**Assignment:** Where an entry below contains an image, skip the image and reproduce the rest exactly.

BEGIN

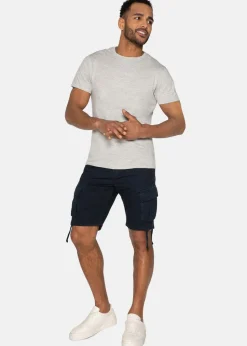 Threadbare Navy Manchester Cotton Cargo Shorts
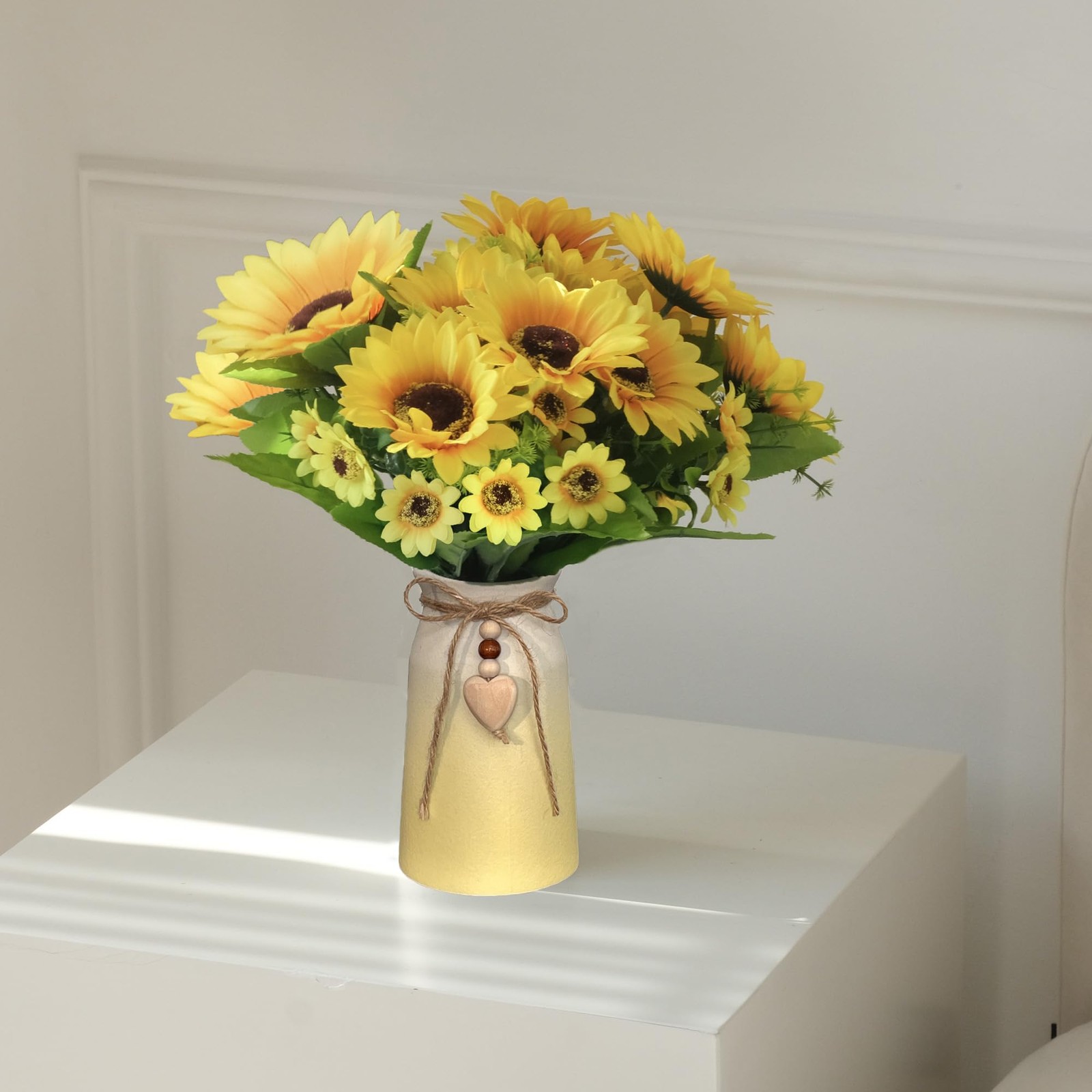 Artificial Sunflower Arrangement in Ceramic Vase – Fake Silk Sunflowers Table…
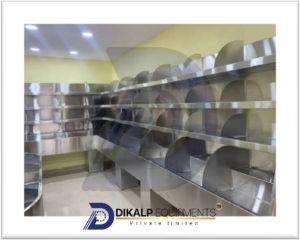 Polished Stainless Steel Fruit Vegetable Rack, Color : Silver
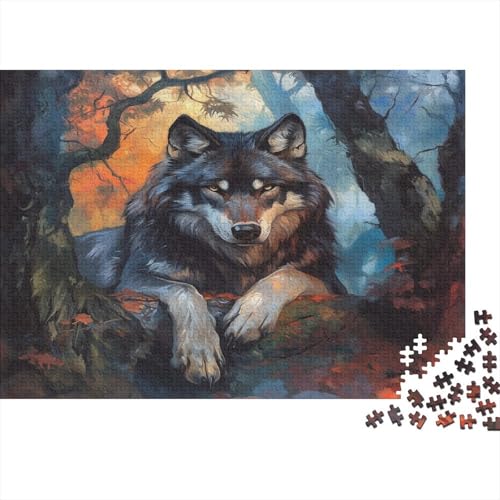Wolf Puzzles 1000 Teile Schwer Puzzle Spielzeug Lernspiel Impossible Painted Wolf Head Herausforderung Spielzeug Für Erwachsene Und Kinder Ab 12 Jahren 1000pcs (75x50cm) von JiaTexJourney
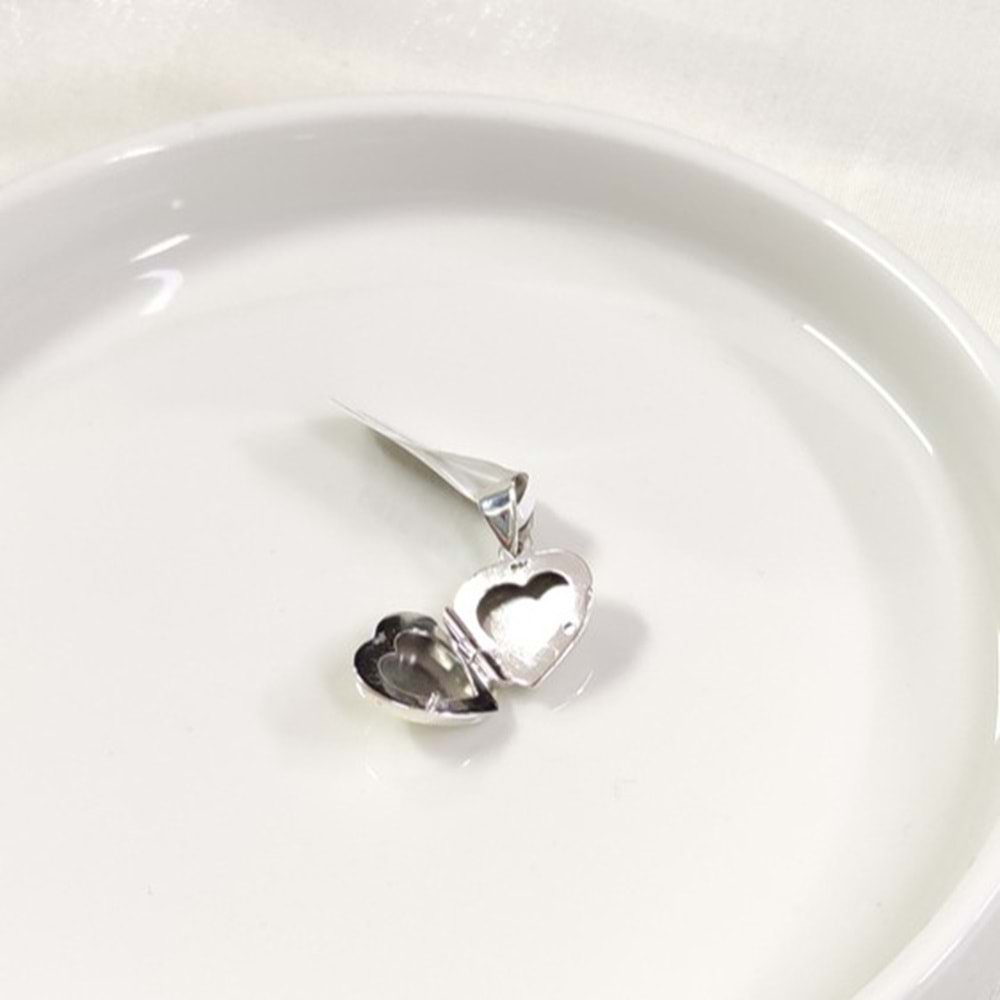 1,5 CM MİNİ KALP KAPAKLI GÜMÜŞ KOLYE UCU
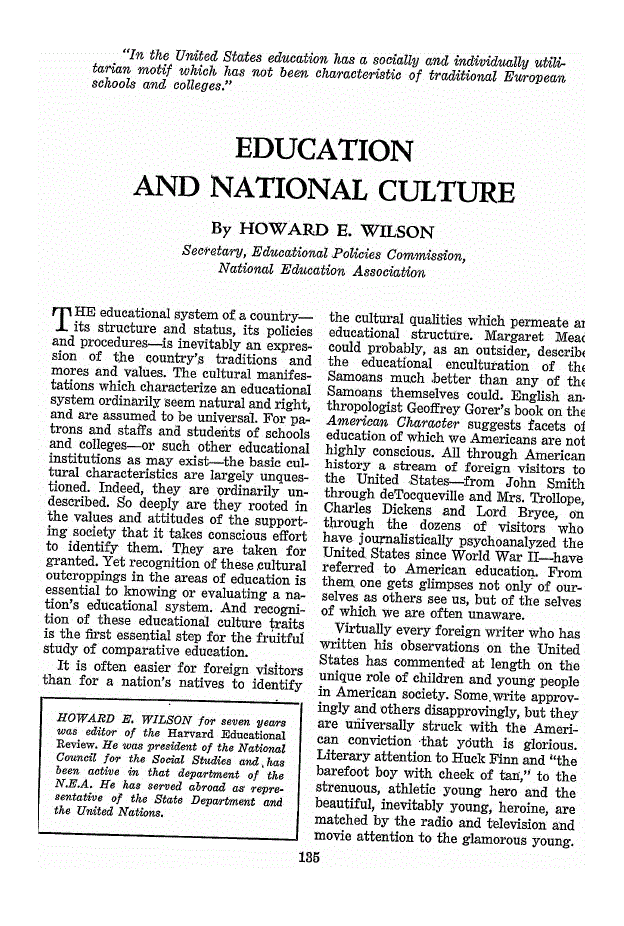 First page of Education and National Culture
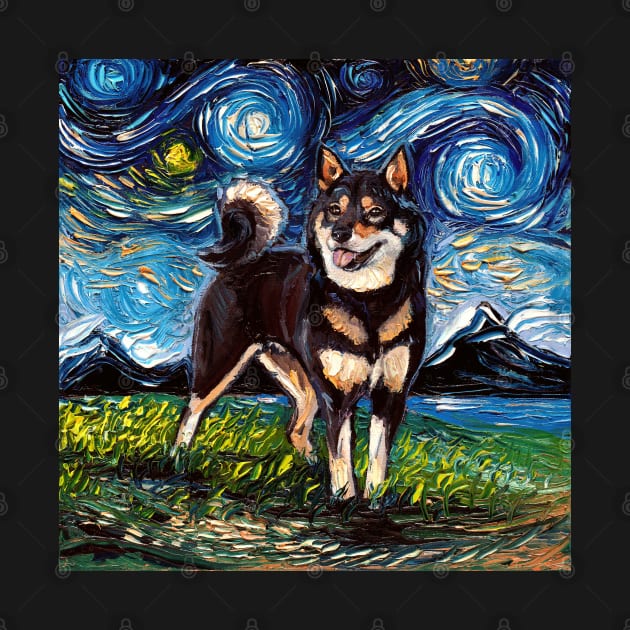 Black and Tan Shiba Inu Night by sagittariusgallery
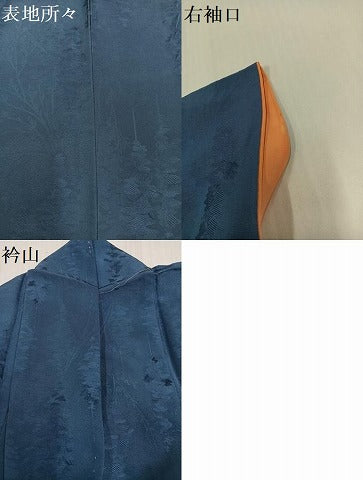 平和屋着物●上質な色無地 樹林地紋 鉄御納戸色 正絹 逸品 AABH6818ph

END

**Completed task:**
 Threadbare Navy Manchester Cotton Cargo Shorts
 Artificial Sunflower Arrangement in Ceramic Vase – Fake Silk Sunflowers Table…
 Polished Stainless Steel Fruit Vegetable Rack, Color : Silver
Wolf Puzzles 1000 Teile Schwer Puzzle Spielzeug Lernspiel Impossible Painted Wolf Head Herausforderung Spielzeug Für Erwachsene Und Kinder Ab 12 Jahren 1000pcs (75x50cm) von JiaTexJourney
 1,5 CM MİNİ KALP KAPAKLI GÜMÜŞ KOLYE UCU
 First page of Education and National Culture
 Black and Tan Shiba Inu Night by sagittariusgallery
 平和屋着物●上質な色無地 樹林地紋 鉄御納戸色 正絹 逸品 AABH6818ph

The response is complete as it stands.